## Work item:
Return the listing below verbatim. Pictures do not belong in the copy.

## Information supplied:
===
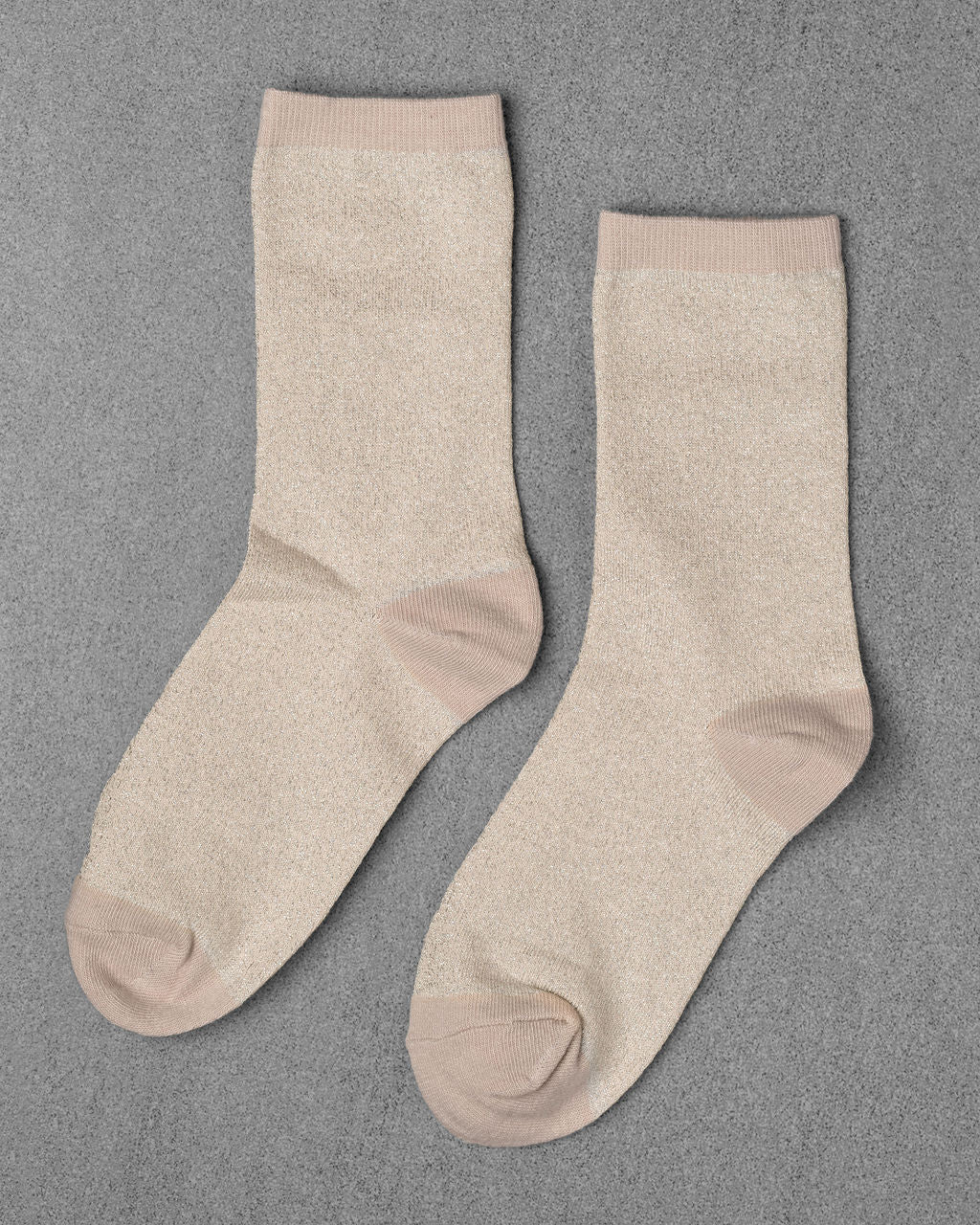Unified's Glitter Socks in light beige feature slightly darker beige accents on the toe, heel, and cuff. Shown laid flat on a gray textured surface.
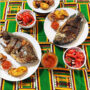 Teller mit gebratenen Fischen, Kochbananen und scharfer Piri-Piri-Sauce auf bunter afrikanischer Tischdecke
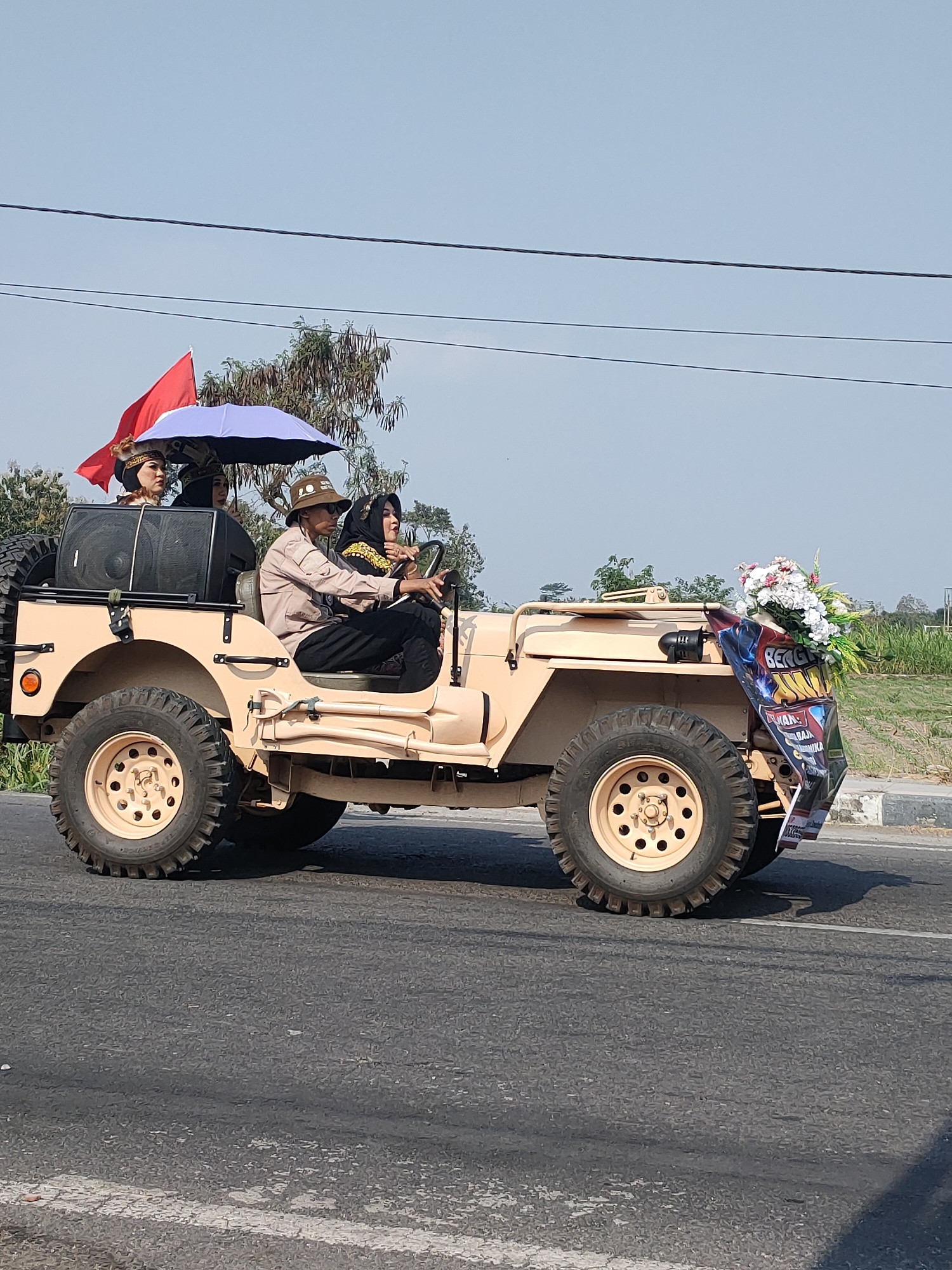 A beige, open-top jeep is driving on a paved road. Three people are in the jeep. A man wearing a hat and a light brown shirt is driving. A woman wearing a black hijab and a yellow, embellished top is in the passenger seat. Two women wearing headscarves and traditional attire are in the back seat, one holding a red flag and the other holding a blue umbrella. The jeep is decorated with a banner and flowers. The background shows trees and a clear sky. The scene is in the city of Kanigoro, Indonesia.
===
## Solved problem:
Unified's Glitter Socks in light beige feature slightly darker beige accents on the toe, heel, and cuff. Shown laid flat on a gray textured surface.
 Teller mit gebratenen Fischen, Kochbananen und scharfer Piri-Piri-Sauce auf bunter afrikanischer Tischdecke
 A beige, open-top jeep is driving on a paved road. Three people are in the jeep. A man wearing a hat and a light brown shirt is driving. A woman wearing a black hijab and a yellow, embellished top is in the passenger seat. Two women wearing headscarves and traditional attire are in the back seat, one holding a red flag and the other holding a blue umbrella. The jeep is decorated with a banner and flowers. The background shows trees and a clear sky. The scene is in the city of Kanigoro, Indonesia.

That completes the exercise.